Frosi Flashcards
Which are the 3 Information Content level of Analyses?
Correlations: This level involves identifying relationships where variables move together, either in the same or opposite directions. An example given is the correlation between ice cream consumption and crime rates.
Causation: At this level, variables are linked through cause-and-effect relationships, providing actionable information. This type of analysis often involves interventions, randomized controlled trials (RCTs), or A/B tests. An example is the causal relationship between aspirin use and the reduction of migraine pain.
Mechanisms: The most in-depth analysis involves experiments that reveal the underlying mechanisms of observed phenomena, leading to a broader understanding of laws or regularities across different contexts. For instance, it’s not just that aspirin reduces migraines, but the mechanism involves the dilation of blood vessels, which increases blood flow and affects various types of pain.
Which are the 3 types of experiments we can have?

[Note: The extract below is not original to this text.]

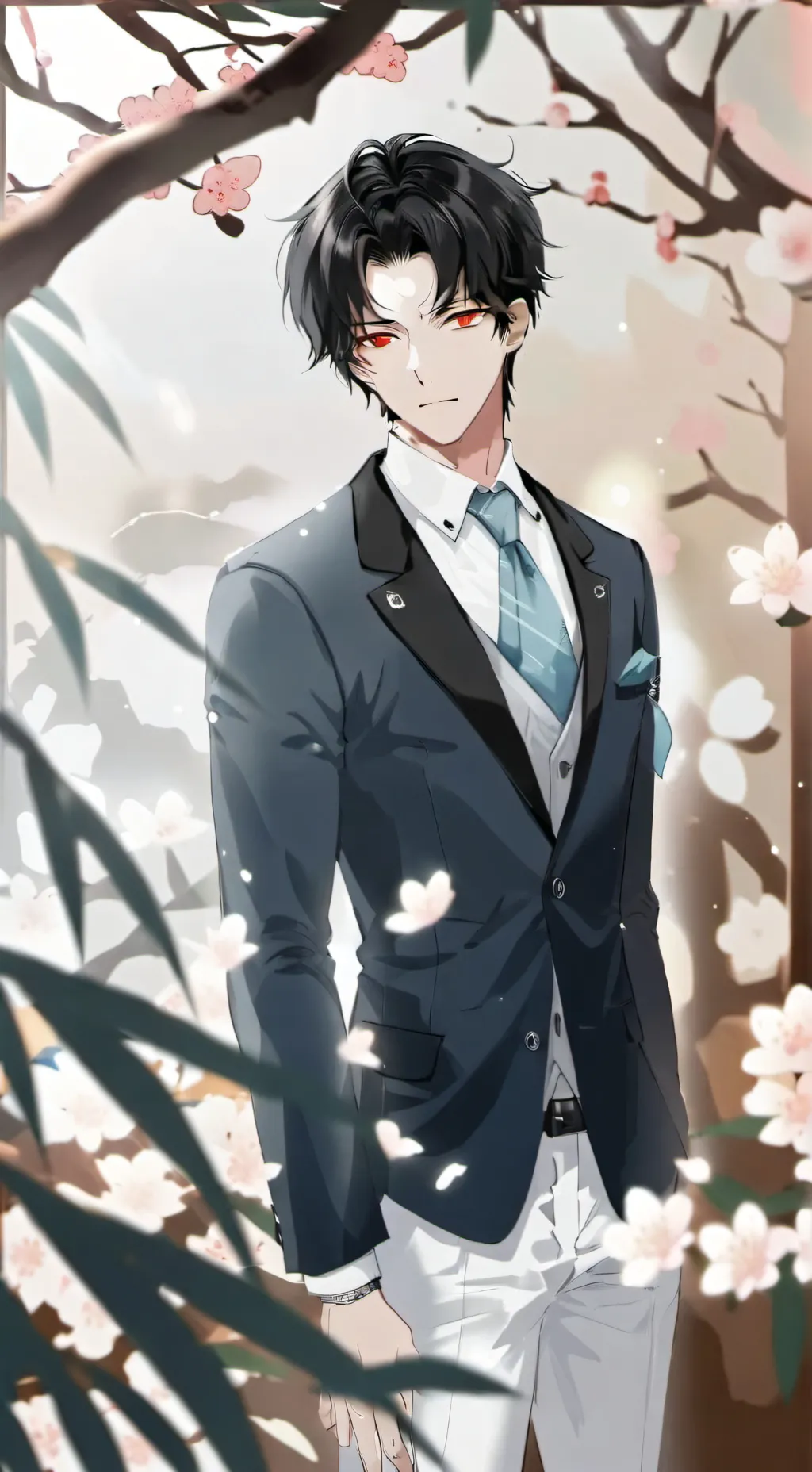 ai character: Damian desmond  background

Randomized Experiments: These are controlled, transparent experiments where subjects are randomly assigned to treatment or control groups. This randomization ensures that the treatment is uncorrelated with other potential confounding variables. Examples include clinical trials in life sciences and field experiments in social sciences.
Natural Experiments: These rely on naturally occurring events or treatments that are effectively random, such as natural disasters or policies randomly assigned by institutions. Examples include the cholera outbreak in London and the Vietnam draft lottery.
Quasi-Experiments: These are experiments where the treatment is assigned by near-random processes, but not through an explicit random assignment by the researcher. Examples include changes in institutional rules that affect subjects differently, like U.S. congressional districts where a candidate narrowly wins.
Which are the 3 critical assumptions necessary for the causal inference of treatment effects?
Random Assignment: This assumption ensures that the assignment of individuals to treatment or control groups is independent of any potential outcomes. This helps establish the causality by eliminating selection bias.
Excludability: Also known as the “exclusion restriction,” this assumption posits that only the treatment influences the outcomes, and all other factors are excluded. This assumption can fail if there are confounding factors (other variables that affect the outcome and are associated with the treatment) or asymmetries in measurement (differences in how outcomes are measured across participants).
Non-interference: Also referred to as the Stable Unit Treatment Value Assumption (SUTVA), it means that the treatment of one unit does not affect the outcomes of another unit. There should be no spillover effects or interactions between units that could confound the treatment effect.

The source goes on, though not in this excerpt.